Work required =>
Go through the listing below and write out exactly the lines from the one that mentions "104 Virginia St, Pearisburg, VA 24134" through the one that mentions "Estanterías metálicas y de madera", minus the pictures.

Data records =>
· · · · · · ·

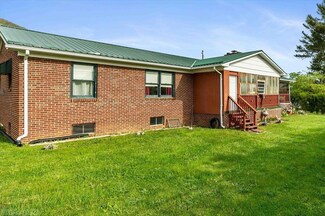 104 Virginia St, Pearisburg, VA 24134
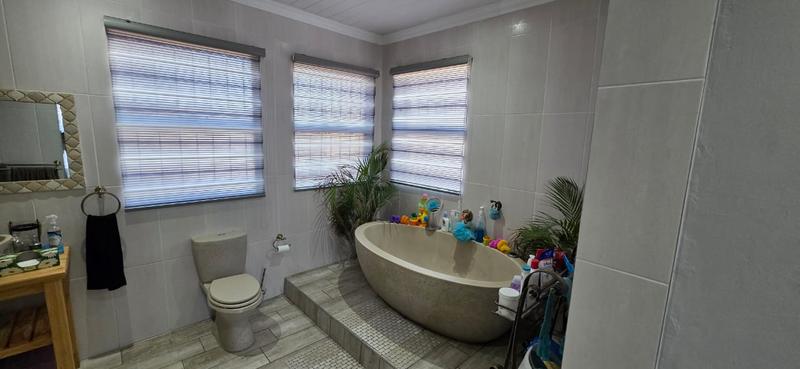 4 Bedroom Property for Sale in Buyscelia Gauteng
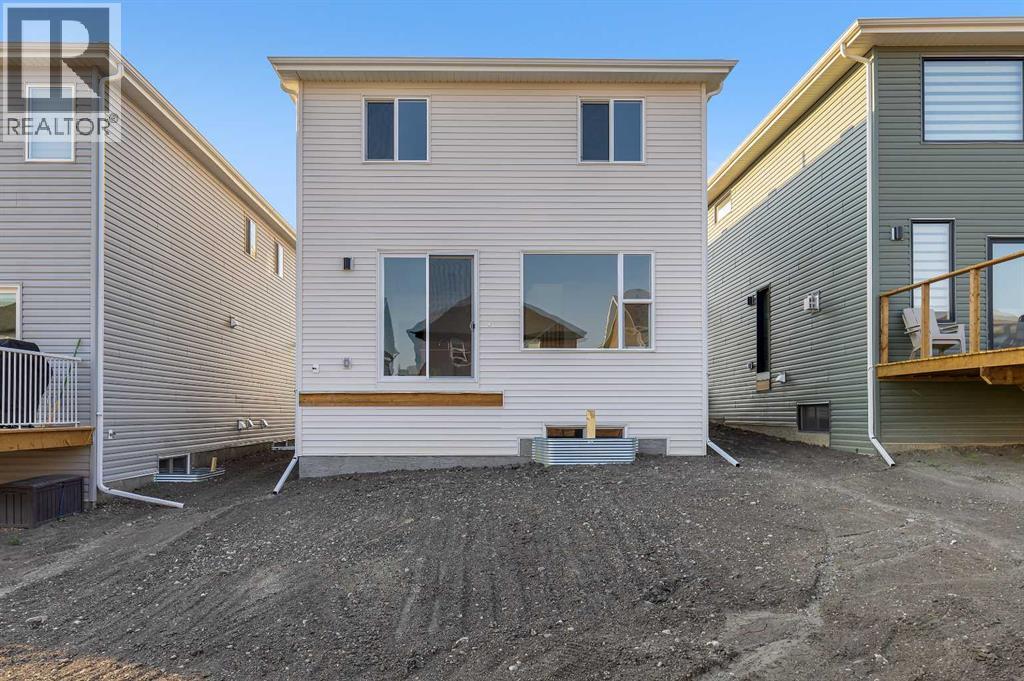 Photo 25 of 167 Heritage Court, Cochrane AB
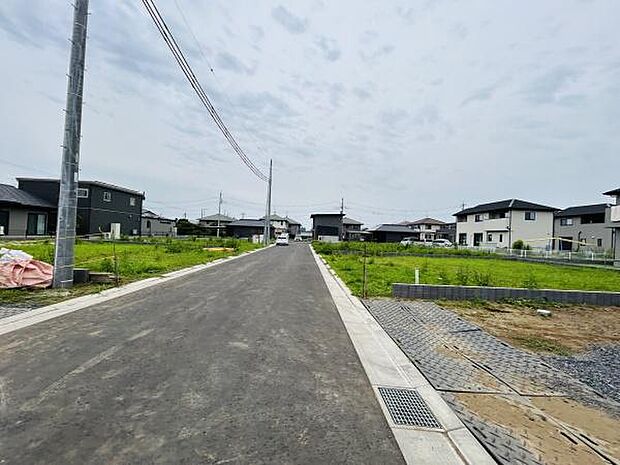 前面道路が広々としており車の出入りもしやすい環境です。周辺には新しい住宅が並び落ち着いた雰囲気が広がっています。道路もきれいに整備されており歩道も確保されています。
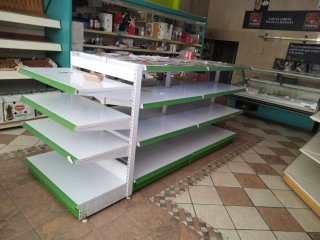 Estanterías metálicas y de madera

· · · · · · ·

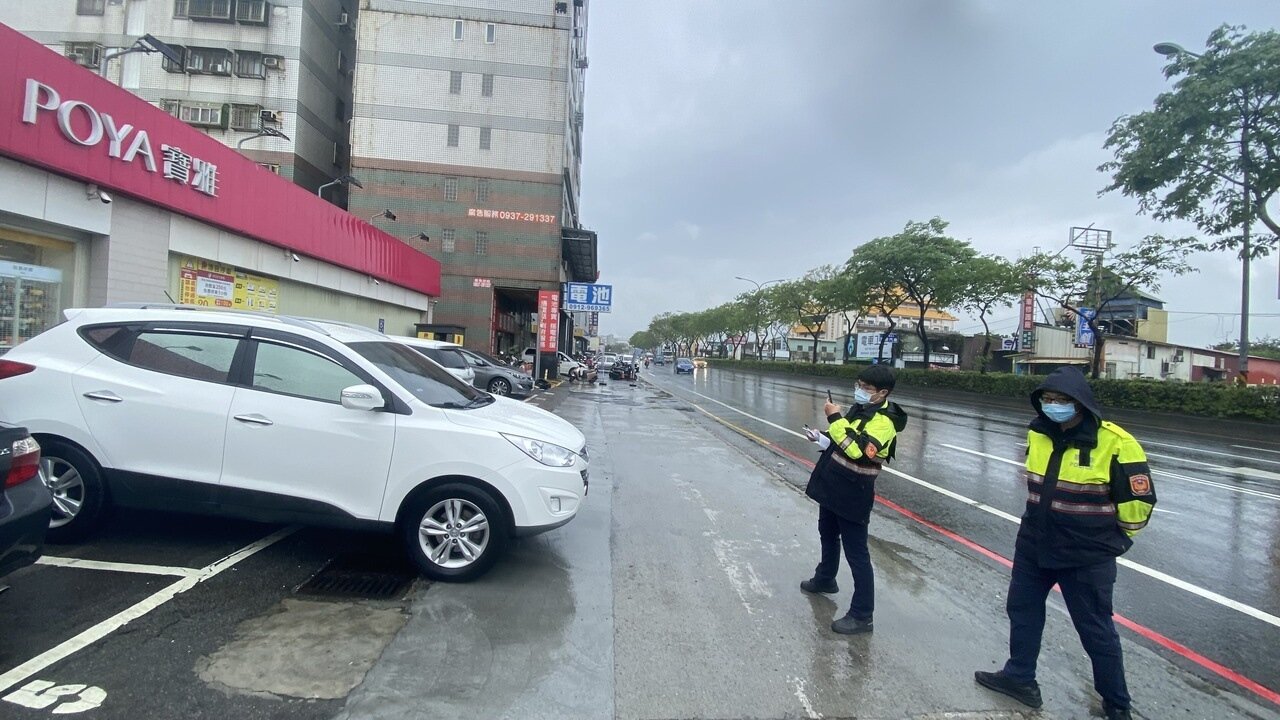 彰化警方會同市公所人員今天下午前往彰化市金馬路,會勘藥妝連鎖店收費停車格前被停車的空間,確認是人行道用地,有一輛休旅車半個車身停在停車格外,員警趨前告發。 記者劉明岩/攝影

· · · · · · ·

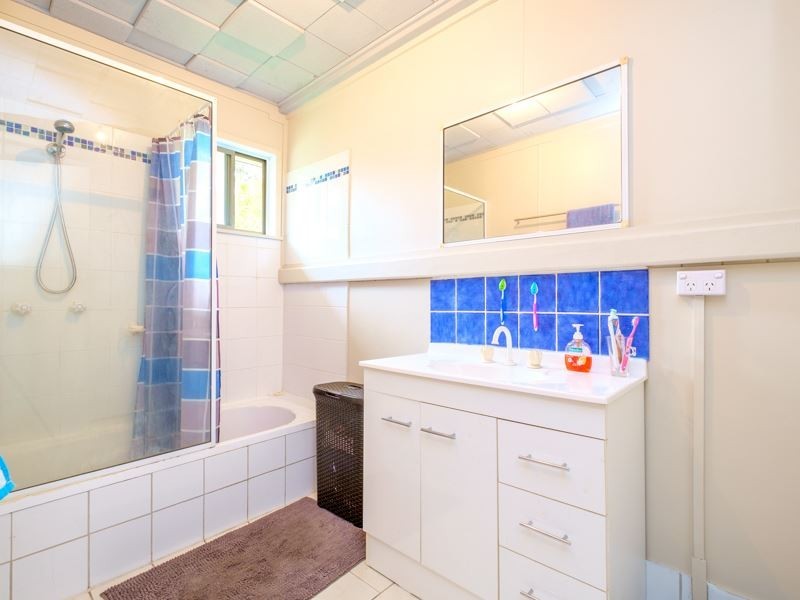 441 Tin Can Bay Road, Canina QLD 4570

· · · · · · ·

Response =>
 104 Virginia St, Pearisburg, VA 24134
 4 Bedroom Property for Sale in Buyscelia Gauteng
 Photo 25 of 167 Heritage Court, Cochrane AB
 前面道路が広々としており車の出入りもしやすい環境です。周辺には新しい住宅が並び落ち着いた雰囲気が広がっています。道路もきれいに整備されており歩道も確保されています。
 Estanterías metálicas y de madera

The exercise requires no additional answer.